__Records for this task__.
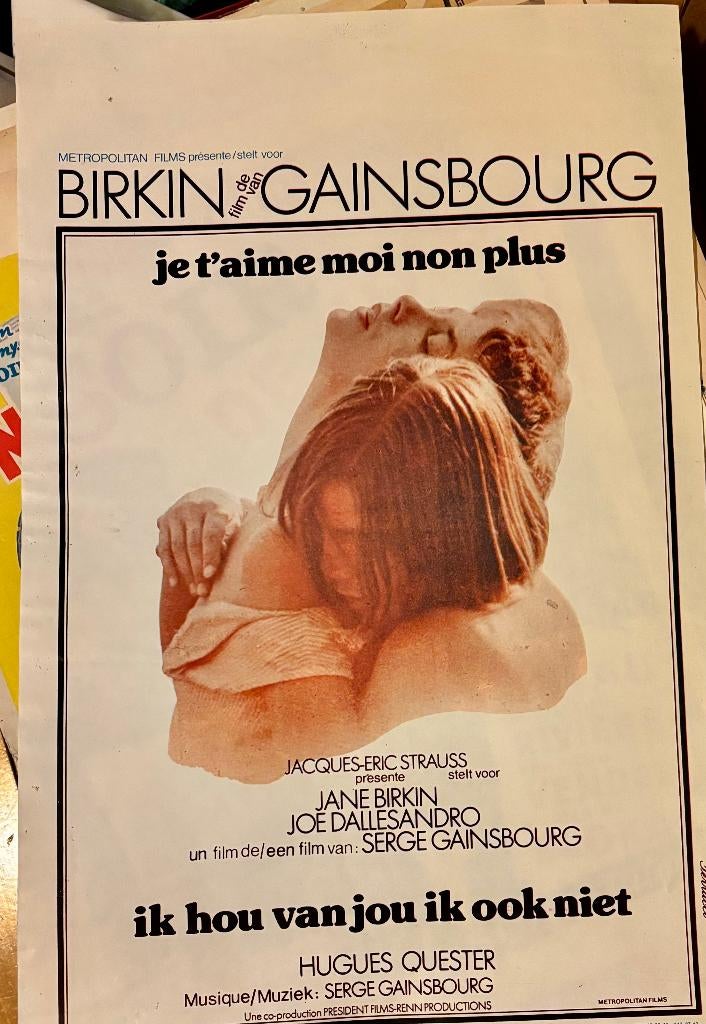 Poster Je t'aime moi non plus, Ophalen of Verzenden, Zo goed als nieuw, Deurposter of groter, Rechthoekig Staand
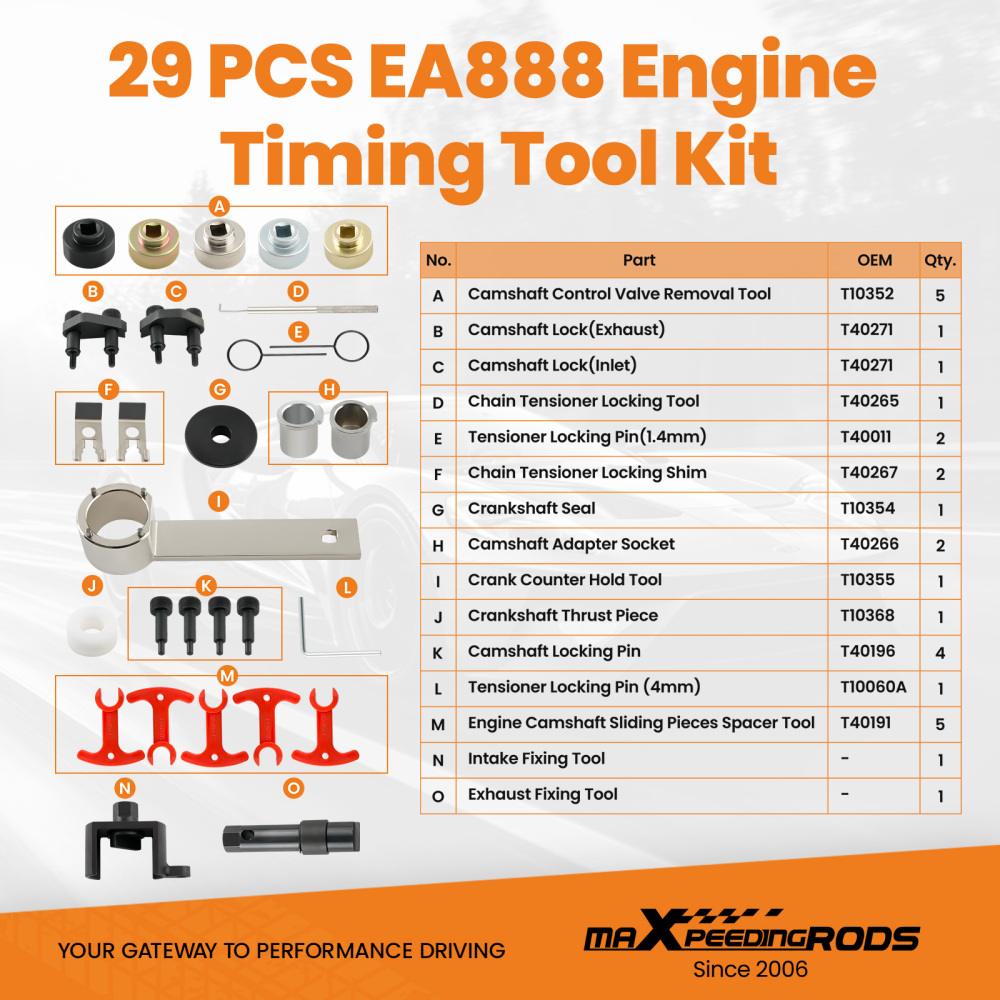 Engine Camshaft Sliding Pieces Spacer Tool compatible for VW Audi A3 quattro T40098
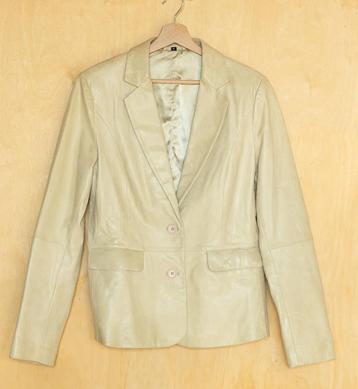 Echt leren licht gele butter, beige blazer jasje M 40 beschikbaar voor biedingen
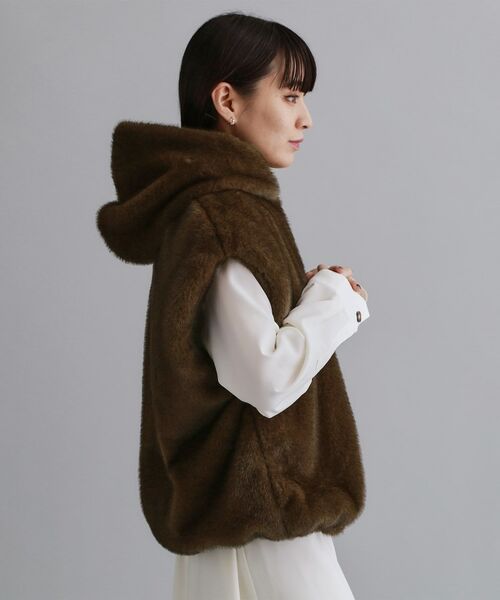 OPAQUE.CLIP / オペーク ドット クリップ ベスト | 【es】ミンクライクフェイクファーフードベスト【洗える】 | 詳細18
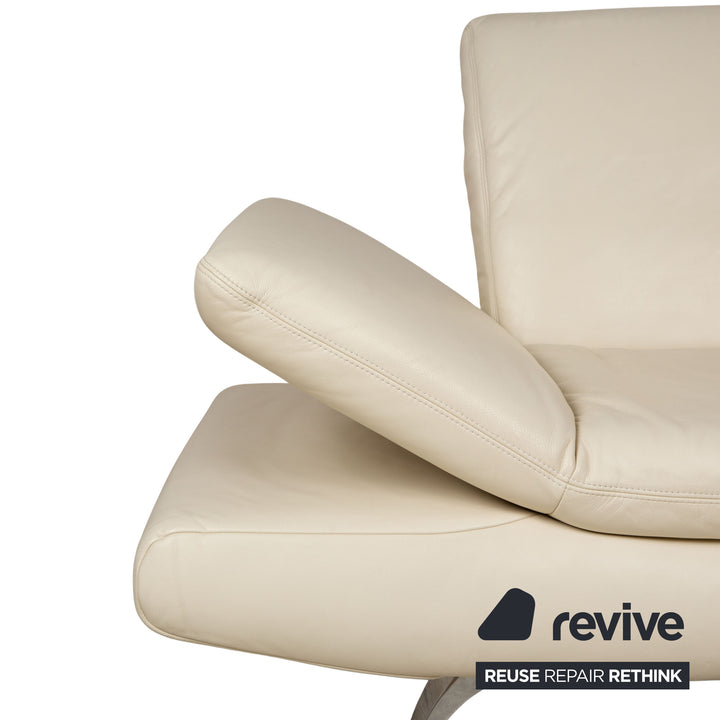 Koinor Leder Dreisitzer Creme manuelle Funktion Sofa Couch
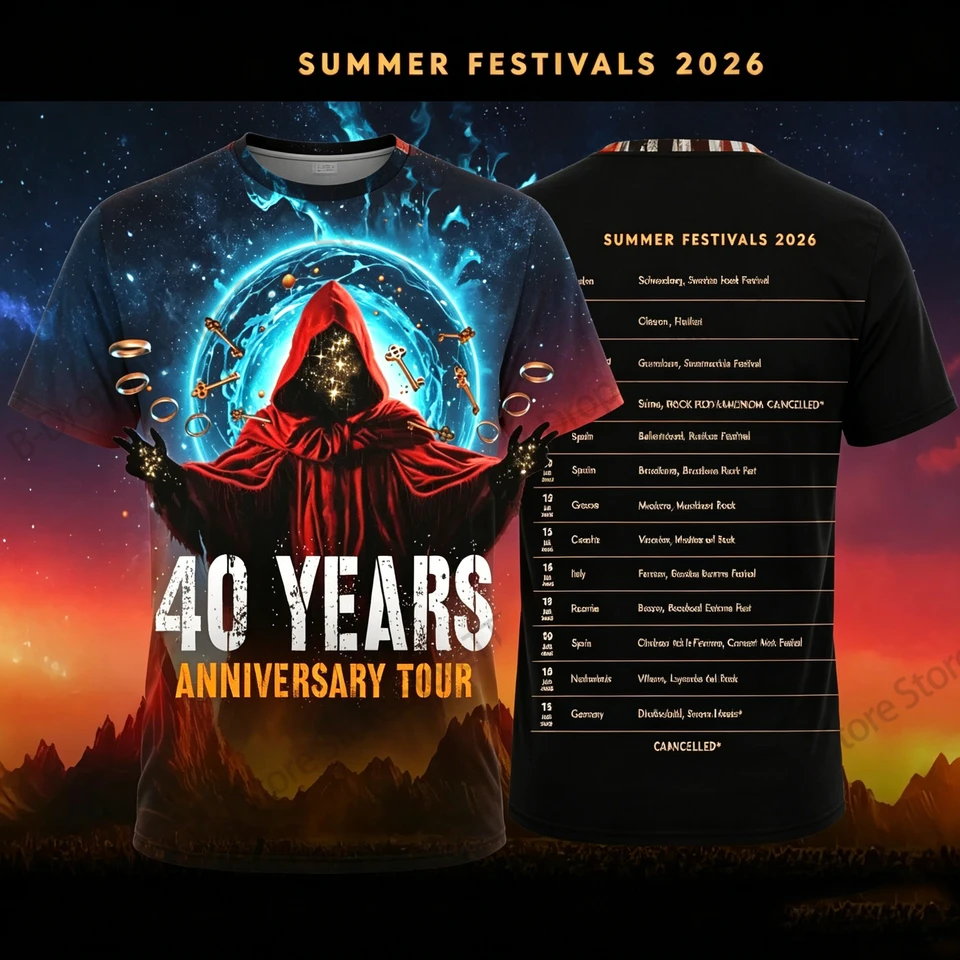 Hip Hop Rock Band Helloween 40 Year Anniversary Tour 2026 3D Print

__Directions for this task__. Please write out, word for word, each line from the one with "Echt leren licht" to the last line of the data, keeping both ends and omitting pictures.

__Completed task__.
 Echt leren licht gele butter, beige blazer jasje M 40 beschikbaar voor biedingen
 OPAQUE.CLIP / オペーク ドット クリップ ベスト | 【es】ミンクライクフェイクファーフードベスト【洗える】 | 詳細18
 Koinor Leder Dreisitzer Creme manuelle Funktion Sofa Couch
 Hip Hop Rock Band Helloween 40 Year Anniversary Tour 2026 3D Print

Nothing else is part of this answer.